§ Problem to work on
Apart from the images, every record below must be given again without alteration.

====

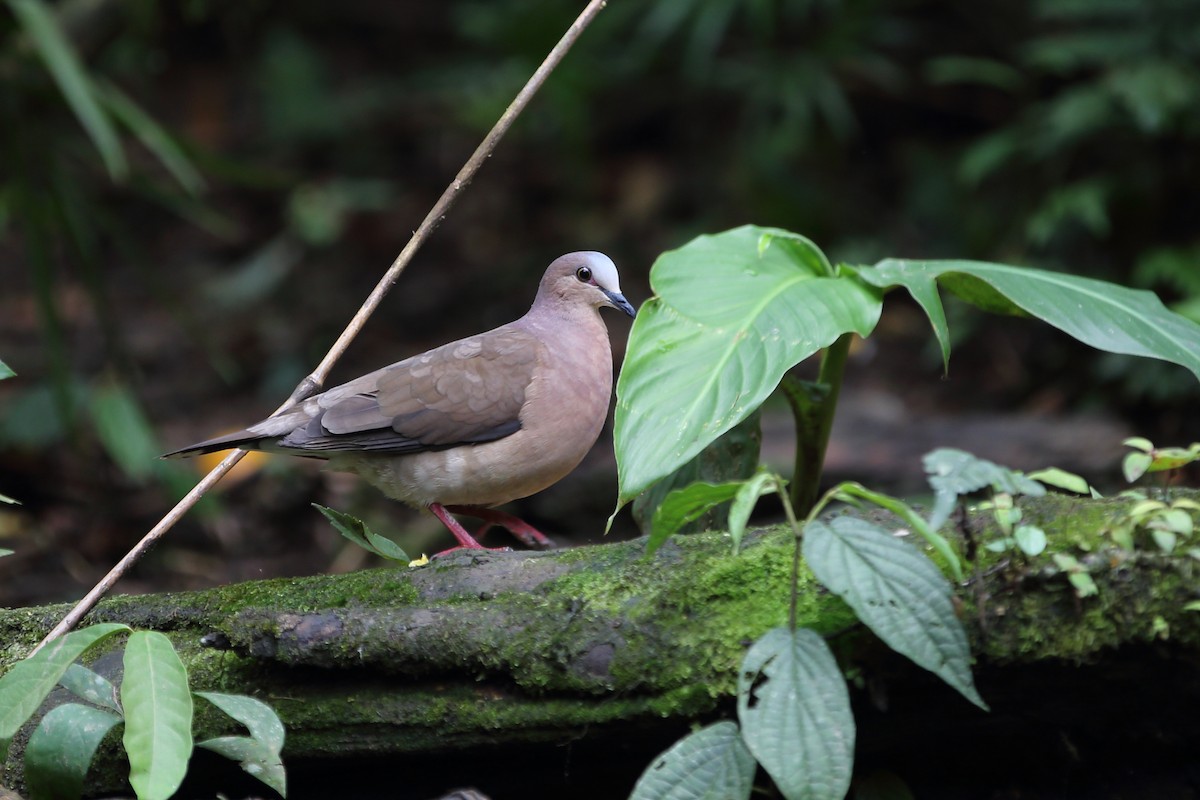 Gray-fronted Dove - Josef Widmer
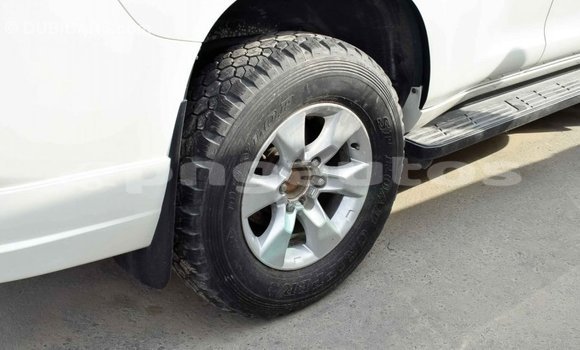 Buy Import Toyota Prado White Car in Import - Dubai in Enga Buy Import Toyota Prado White Car in Import - Dubai in Enga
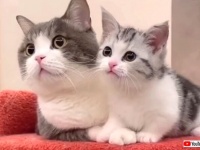 ママにゃんに甘える子猫のパワー全開！スーパーハイパーキティちゃんに元気をたくさんもらっちゃおう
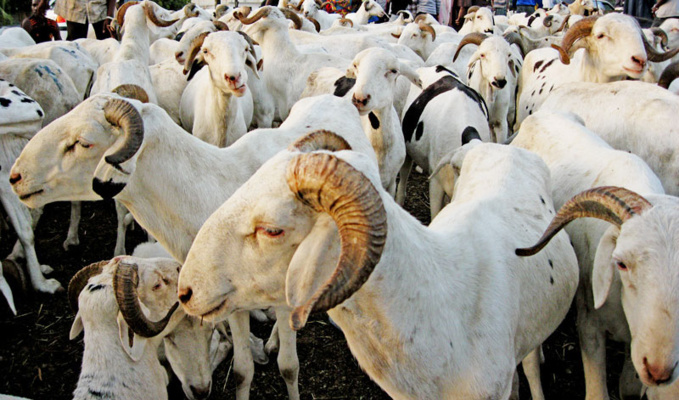 Lendemain de Tabaski: les éleveurs et revendeurs de moutons entre mévente et vols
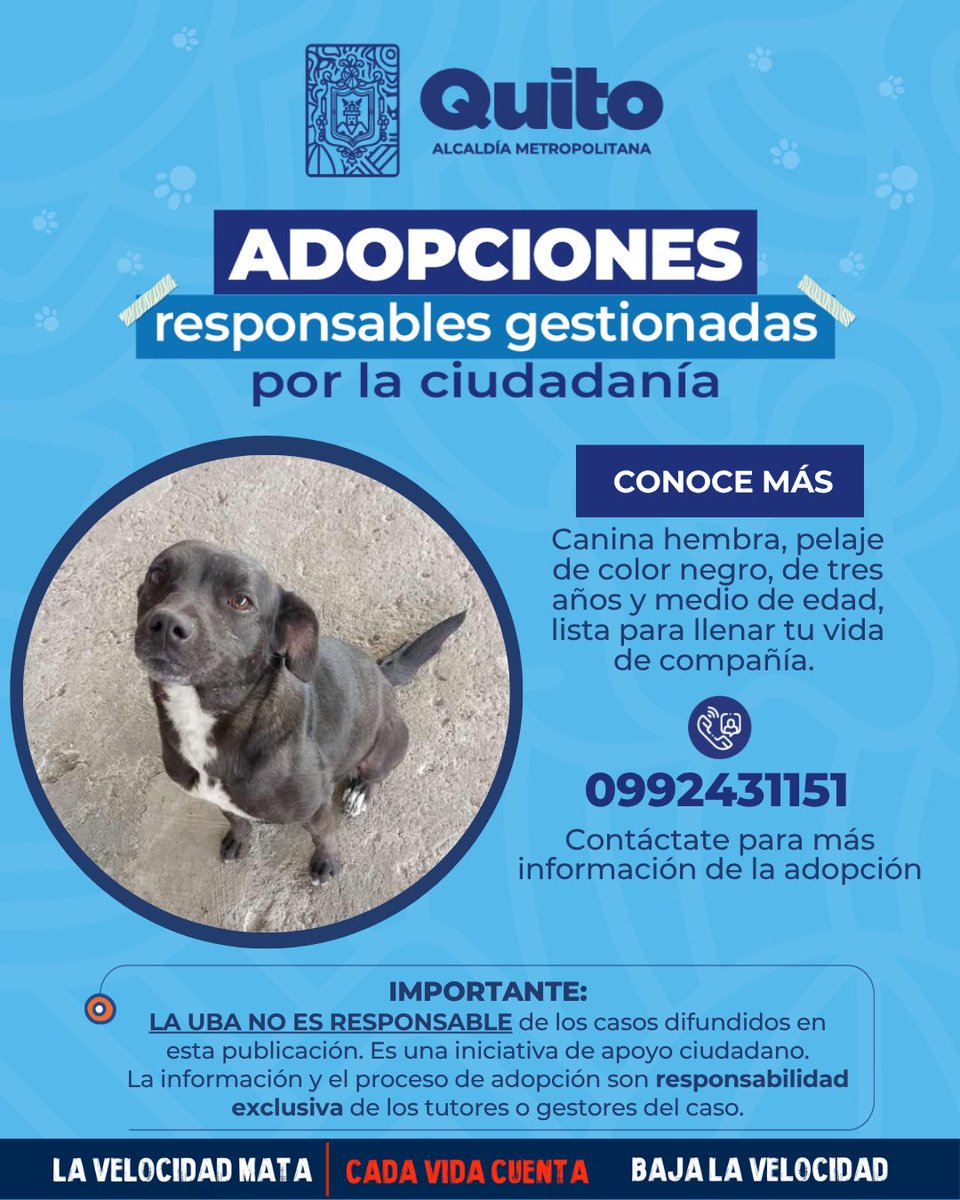 UBAQuito's tweet photo. 🐾 #AdopciónExterna | Adopta y descubre el poder de transformar una vida❤️‍🩹🏡.
Si no puedes adoptarla, ¡ayúdala a encontrar un hogar amoroso compartiendo esta publicación! 🐾
Con adopciones responsables #QuitoRenace 🍃 https://t.co/N5AMgfZY6i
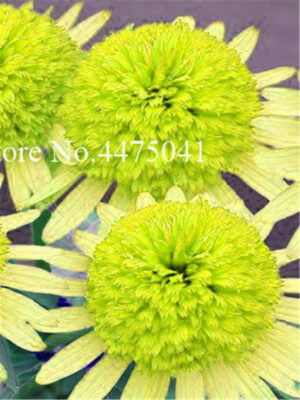 120 Pcs Rare Colour Echinacea Purpurea Bonsai Flower Heads Diy Home Garden - 2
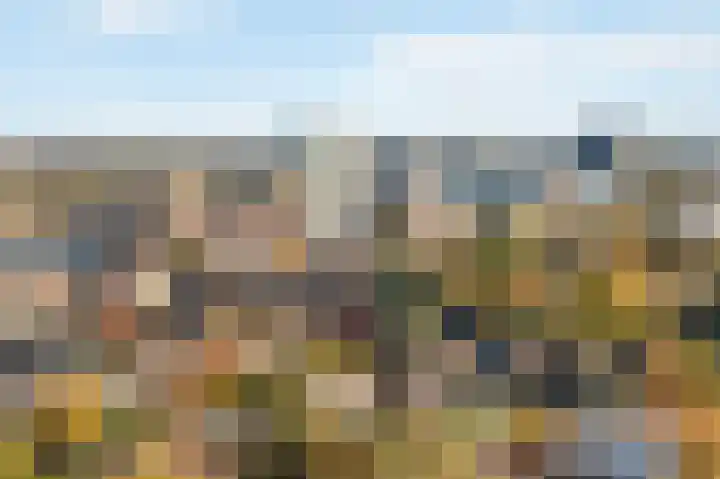 Nachtegaal 3 Nieuwegein thumbnail 28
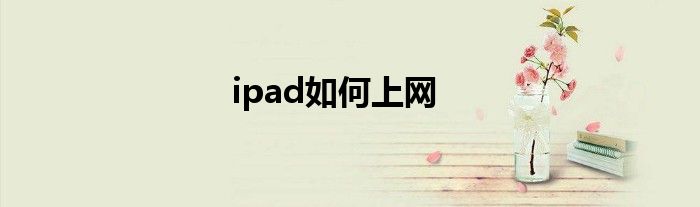 ipad如何上网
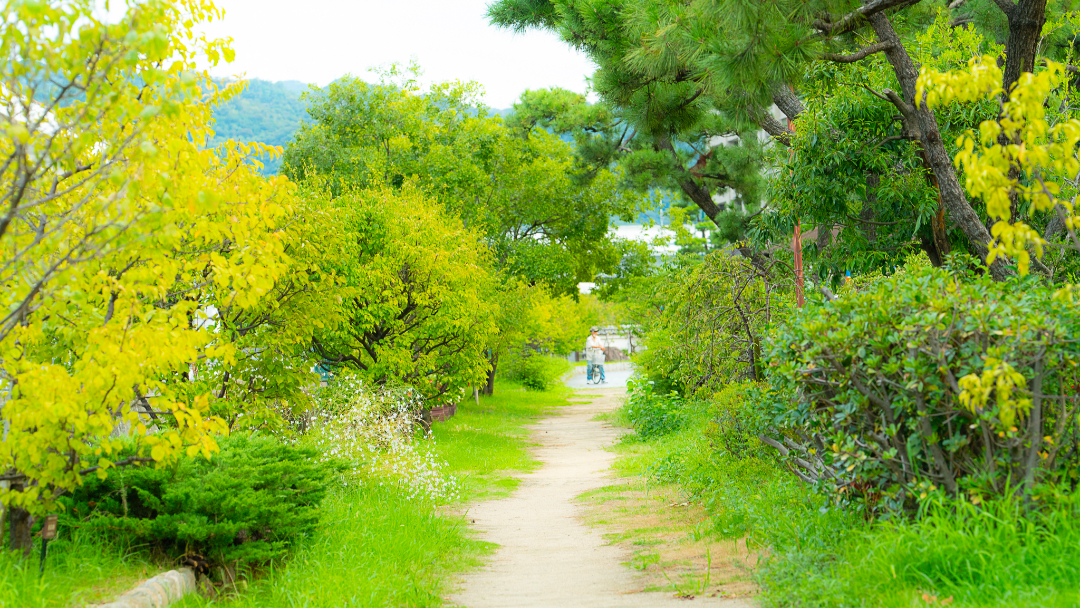 住吉川公園の画像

====

§ Exercise answer
 Gray-fronted Dove - Josef Widmer
 Buy Import Toyota Prado White Car in Import - Dubai in Enga Buy Import Toyota Prado White Car in Import - Dubai in Enga
 ママにゃんに甘える子猫のパワー全開！スーパーハイパーキティちゃんに元気をたくさんもらっちゃおう
 Lendemain de Tabaski: les éleveurs et revendeurs de moutons entre mévente et vols
 UBAQuito's tweet photo. 🐾 #AdopciónExterna | Adopta y descubre el poder de transformar una vida❤️‍🩹🏡.
Si no puedes adoptarla, ¡ayúdala a encontrar un hogar amoroso compartiendo esta publicación! 🐾
Con adopciones responsables #QuitoRenace 🍃 https://t.co/N5AMgfZY6i
 120 Pcs Rare Colour Echinacea Purpurea Bonsai Flower Heads Diy Home Garden - 2
 Nachtegaal 3 Nieuwegein thumbnail 28
 ipad如何上网
 住吉川公園の画像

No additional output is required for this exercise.